- **YOUR INSTRUCTIONS**: Look at each line of the listing. Copy those that hold the string "Large".

- **DATASET RECORDS**:
===============

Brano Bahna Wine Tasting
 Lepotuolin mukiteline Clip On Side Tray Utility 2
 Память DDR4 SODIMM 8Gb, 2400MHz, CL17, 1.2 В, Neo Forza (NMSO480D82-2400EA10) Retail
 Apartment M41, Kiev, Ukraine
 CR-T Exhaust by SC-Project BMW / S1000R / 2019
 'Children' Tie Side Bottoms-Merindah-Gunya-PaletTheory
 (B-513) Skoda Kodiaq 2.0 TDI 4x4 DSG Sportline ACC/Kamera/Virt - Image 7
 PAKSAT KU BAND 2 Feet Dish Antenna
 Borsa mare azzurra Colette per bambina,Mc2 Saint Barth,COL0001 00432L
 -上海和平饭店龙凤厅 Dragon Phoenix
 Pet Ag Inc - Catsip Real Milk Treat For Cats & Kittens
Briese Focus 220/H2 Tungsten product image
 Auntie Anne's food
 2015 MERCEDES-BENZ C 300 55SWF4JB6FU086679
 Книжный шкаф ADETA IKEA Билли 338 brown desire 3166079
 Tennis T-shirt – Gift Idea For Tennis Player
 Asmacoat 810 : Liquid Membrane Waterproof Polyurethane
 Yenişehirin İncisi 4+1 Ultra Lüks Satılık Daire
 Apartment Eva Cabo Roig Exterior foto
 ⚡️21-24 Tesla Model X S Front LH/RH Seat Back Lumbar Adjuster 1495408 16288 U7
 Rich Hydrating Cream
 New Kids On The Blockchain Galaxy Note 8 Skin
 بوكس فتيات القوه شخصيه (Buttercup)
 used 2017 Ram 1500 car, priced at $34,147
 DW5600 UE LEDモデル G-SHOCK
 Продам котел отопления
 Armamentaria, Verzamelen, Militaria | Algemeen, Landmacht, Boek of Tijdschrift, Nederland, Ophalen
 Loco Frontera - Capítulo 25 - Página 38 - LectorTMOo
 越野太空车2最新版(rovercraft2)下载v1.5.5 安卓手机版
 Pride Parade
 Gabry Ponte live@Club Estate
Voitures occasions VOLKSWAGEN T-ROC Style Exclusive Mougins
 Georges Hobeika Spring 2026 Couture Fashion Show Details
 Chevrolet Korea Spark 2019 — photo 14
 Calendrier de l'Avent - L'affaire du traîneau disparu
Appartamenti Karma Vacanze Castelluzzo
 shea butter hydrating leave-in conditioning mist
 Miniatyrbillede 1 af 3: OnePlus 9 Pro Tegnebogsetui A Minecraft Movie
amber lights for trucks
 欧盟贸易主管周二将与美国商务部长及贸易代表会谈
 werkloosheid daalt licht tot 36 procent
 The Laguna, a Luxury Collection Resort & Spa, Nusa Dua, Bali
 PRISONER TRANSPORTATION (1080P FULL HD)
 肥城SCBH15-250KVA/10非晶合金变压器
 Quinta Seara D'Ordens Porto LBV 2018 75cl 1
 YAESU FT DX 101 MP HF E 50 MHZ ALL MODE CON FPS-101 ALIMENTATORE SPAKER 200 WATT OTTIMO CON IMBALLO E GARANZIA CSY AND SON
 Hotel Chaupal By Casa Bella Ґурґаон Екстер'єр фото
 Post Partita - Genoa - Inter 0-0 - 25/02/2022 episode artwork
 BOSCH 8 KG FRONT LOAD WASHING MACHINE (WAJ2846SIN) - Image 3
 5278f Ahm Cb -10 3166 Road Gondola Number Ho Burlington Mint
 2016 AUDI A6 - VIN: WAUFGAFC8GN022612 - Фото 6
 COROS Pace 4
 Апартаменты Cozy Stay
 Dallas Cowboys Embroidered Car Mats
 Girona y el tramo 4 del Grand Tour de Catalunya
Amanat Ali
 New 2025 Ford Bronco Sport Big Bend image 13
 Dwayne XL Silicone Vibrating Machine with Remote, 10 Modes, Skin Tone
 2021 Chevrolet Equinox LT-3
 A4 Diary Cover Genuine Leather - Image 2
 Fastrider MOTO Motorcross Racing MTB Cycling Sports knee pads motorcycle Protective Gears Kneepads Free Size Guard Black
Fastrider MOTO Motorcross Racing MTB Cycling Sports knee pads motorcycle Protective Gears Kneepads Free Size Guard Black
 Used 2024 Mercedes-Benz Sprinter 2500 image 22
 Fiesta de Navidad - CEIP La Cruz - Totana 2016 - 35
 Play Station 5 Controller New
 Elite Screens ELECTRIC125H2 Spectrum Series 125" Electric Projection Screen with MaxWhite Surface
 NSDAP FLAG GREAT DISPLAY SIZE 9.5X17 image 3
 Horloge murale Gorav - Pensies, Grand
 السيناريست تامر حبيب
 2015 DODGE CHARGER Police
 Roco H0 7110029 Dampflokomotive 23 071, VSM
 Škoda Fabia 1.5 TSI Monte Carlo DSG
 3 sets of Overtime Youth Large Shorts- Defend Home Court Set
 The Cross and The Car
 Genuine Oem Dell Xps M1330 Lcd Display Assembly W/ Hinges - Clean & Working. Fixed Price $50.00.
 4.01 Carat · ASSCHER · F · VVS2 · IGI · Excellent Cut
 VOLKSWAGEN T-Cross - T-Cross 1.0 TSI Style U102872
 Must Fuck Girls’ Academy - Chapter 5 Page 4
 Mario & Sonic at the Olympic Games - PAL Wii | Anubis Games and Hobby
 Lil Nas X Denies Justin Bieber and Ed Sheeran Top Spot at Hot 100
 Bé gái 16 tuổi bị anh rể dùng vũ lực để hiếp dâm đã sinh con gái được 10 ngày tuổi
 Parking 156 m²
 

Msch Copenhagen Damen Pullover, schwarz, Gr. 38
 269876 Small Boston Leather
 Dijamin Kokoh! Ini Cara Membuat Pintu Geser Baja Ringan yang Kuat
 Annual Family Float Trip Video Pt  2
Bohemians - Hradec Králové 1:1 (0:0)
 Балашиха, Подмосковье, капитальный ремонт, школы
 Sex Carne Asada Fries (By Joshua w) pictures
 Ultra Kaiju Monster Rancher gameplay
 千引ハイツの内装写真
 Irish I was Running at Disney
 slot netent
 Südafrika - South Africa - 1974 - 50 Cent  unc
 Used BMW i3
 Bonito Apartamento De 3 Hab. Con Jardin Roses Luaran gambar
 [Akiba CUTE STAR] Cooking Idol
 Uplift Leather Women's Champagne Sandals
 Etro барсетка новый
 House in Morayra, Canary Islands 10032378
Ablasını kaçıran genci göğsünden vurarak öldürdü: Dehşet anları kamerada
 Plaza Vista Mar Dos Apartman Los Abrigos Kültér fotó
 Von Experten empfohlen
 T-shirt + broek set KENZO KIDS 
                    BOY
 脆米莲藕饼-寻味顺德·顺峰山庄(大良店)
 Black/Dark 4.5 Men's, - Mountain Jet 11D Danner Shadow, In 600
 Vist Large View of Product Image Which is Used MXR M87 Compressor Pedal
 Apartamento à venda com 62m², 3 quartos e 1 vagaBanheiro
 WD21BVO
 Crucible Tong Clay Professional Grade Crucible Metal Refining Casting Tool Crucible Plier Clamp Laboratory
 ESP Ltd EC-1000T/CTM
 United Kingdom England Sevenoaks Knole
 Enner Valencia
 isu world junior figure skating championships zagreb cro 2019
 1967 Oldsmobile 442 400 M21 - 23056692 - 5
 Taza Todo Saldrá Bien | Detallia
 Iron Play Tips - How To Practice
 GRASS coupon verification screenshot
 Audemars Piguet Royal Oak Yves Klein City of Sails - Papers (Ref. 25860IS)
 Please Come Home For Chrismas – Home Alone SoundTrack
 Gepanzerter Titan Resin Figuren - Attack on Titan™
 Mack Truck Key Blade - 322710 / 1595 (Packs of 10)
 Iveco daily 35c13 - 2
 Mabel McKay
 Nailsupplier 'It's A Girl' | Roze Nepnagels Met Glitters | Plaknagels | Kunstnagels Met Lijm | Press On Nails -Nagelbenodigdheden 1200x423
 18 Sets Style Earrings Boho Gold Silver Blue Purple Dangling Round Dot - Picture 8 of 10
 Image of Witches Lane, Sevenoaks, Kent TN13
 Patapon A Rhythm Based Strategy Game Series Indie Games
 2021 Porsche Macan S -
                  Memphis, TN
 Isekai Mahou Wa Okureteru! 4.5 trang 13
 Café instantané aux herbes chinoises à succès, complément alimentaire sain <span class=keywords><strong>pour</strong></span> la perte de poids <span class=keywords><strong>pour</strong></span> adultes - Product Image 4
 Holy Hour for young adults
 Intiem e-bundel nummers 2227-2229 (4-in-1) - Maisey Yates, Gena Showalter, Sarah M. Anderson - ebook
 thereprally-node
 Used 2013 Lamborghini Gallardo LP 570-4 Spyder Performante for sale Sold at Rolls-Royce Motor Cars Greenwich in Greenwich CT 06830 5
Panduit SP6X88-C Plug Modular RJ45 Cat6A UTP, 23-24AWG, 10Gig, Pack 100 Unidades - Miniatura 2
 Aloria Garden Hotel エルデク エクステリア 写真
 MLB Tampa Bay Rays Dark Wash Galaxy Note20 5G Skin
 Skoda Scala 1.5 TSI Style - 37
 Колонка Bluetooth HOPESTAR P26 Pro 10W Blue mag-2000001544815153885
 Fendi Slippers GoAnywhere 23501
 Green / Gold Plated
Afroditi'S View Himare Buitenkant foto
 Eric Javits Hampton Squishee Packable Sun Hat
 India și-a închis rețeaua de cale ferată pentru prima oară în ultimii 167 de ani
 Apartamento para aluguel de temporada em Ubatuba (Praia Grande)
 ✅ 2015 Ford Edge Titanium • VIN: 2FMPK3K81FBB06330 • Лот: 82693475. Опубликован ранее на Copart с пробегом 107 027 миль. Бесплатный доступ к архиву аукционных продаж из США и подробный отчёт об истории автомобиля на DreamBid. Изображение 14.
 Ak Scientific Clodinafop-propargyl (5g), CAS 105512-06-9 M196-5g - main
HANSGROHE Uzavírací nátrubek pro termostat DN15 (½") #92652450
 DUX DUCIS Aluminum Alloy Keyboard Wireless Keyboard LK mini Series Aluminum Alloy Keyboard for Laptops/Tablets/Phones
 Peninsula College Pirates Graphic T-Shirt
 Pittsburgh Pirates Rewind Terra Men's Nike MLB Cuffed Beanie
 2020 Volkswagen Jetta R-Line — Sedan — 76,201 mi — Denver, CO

===============

- **RESPONSE AREA**:
 3 sets of Overtime Youth Large Shorts- Defend Home Court Set
 Vist Large View of Product Image Which is Used MXR M87 Compressor Pedal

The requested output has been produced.